EXERCISE MATERIALS:
::::::
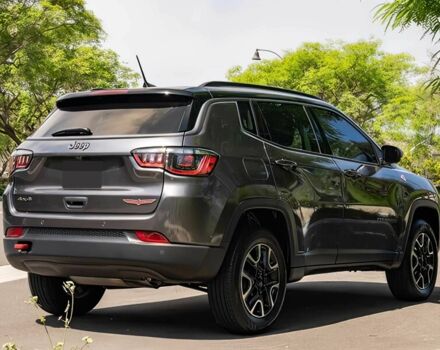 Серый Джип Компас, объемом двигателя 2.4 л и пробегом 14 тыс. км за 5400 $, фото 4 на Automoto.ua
::::::
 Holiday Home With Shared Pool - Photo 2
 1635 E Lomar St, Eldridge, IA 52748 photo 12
::::::
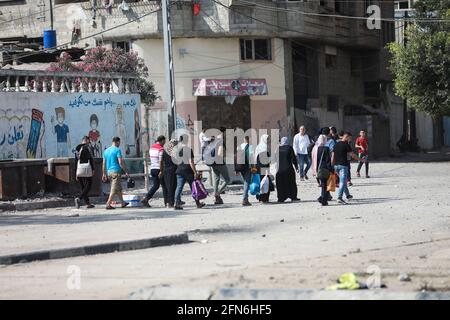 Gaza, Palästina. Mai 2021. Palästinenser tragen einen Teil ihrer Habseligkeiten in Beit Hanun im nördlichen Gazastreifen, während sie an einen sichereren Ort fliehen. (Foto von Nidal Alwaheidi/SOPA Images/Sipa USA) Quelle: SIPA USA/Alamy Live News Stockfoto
::::::
Of the entries above, transcribe exactly those lines that fall between the line containing "Holiday Home With Shared Pool - Photo 2" and the line containing "1635 E Lomar St, Eldridge, IA 52748 photo 12", together with those two lines.

 Holiday Home With Shared Pool - Photo 2
 1635 E Lomar St, Eldridge, IA 52748 photo 12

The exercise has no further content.